Following are some architectural highlights of the Amazon Web Services (AWS) clusters, provisioned by Palette:
- Kubernetes nodes can be distributed across multiple availability zones (AZs) to achieve high availability (HA). For each of the AZs that you select, a public subnet and a private subnet is created.
- All the control plane nodes and worker nodes are created within the private subnets, so there is no direct public access available.
- A Network Address Translation (NAT) Gateway is created in the public subnet of each AZ, to allow nodes in the private subnet to be able to go out to the internet or call other AWS services.
- An Internet Gateway (IG) is created for each Virtual Private Cloud (VPC), to allow Secure Shell Protocol (SSH) access to the bastion node for debugging purposes. SSH into Kubernetes nodes is only available through the bastion node. A bastion node helps to provide access to the Amazon Elastic Compute Cloud (EC2) instances. This is because the EC2 instances are created in a private subnet and the bastion node operates as a secure, single point of entry into the infrastructure. The bastion node can be accessed via SSH or Remote Desktop (RDP).
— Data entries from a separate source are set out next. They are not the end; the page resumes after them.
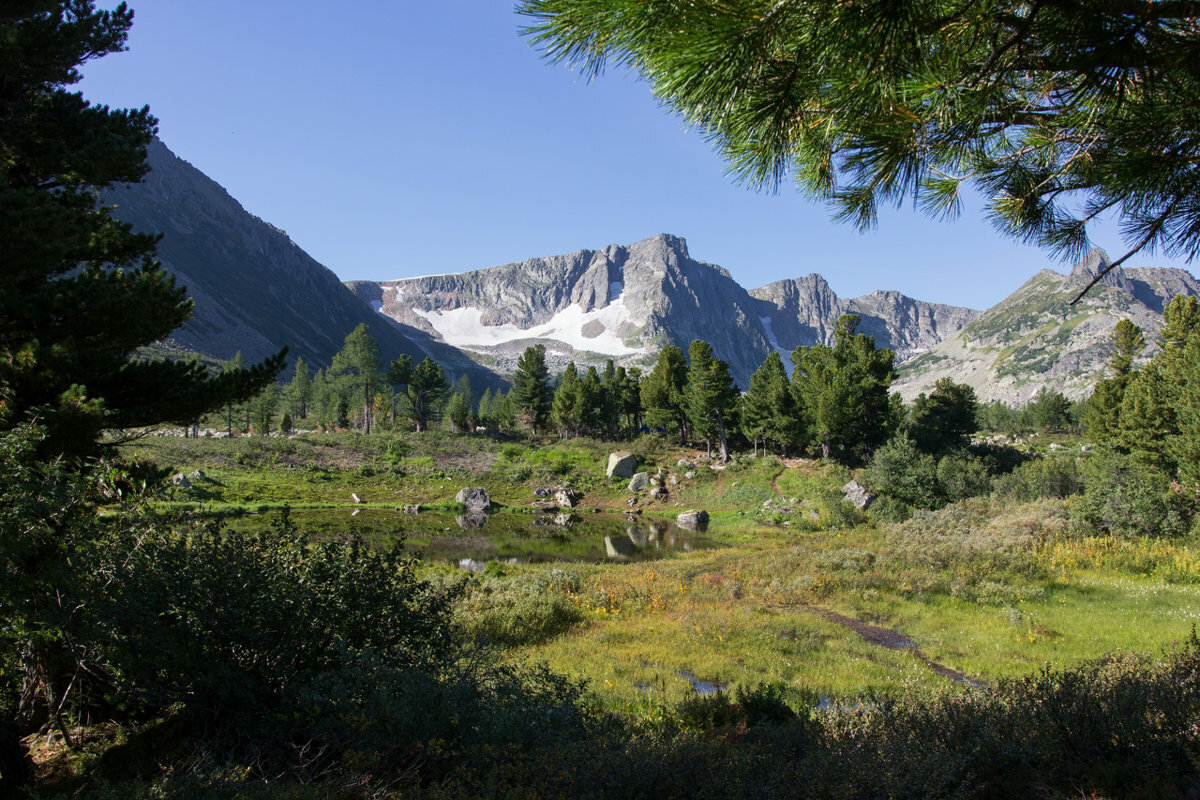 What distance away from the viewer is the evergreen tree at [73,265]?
6.25 m

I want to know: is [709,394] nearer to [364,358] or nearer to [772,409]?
[772,409]

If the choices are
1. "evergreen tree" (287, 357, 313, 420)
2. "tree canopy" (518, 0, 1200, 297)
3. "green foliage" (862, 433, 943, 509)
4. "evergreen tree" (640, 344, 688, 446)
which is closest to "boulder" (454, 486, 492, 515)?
"evergreen tree" (640, 344, 688, 446)

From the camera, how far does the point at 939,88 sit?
9.69ft

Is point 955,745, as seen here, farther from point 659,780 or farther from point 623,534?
point 623,534

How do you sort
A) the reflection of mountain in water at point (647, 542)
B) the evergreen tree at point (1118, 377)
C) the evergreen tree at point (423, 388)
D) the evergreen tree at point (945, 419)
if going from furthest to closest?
the evergreen tree at point (423, 388) → the evergreen tree at point (945, 419) → the evergreen tree at point (1118, 377) → the reflection of mountain in water at point (647, 542)

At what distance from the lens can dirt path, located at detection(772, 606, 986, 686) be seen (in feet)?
29.9

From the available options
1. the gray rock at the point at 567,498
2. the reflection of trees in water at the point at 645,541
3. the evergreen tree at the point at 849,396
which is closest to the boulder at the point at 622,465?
the gray rock at the point at 567,498

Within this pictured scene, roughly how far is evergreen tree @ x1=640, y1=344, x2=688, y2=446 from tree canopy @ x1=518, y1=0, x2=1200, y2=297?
5143 centimetres

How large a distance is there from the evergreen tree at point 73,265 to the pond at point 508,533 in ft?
43.8

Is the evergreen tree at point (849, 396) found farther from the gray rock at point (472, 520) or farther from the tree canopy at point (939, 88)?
the tree canopy at point (939, 88)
- The Kubernetes API Server endpoint is accessible through an Elastic Load Balancing (ELB), which load balances across all the control plane nodes.
The following prerequisites must be met before deploying an Amazon Elastic Kubernetes Service (EKS) workload cluster:
- You need an active AWS cloud account with all the permissions listed below in the AWS Cloud Account Permissions section.
- Register your AWS cloud account in Palette, as described in the Creating an AWS Cloud Account section below.
- You should have an Infrastructure Cluster profile created in Palette for AWS.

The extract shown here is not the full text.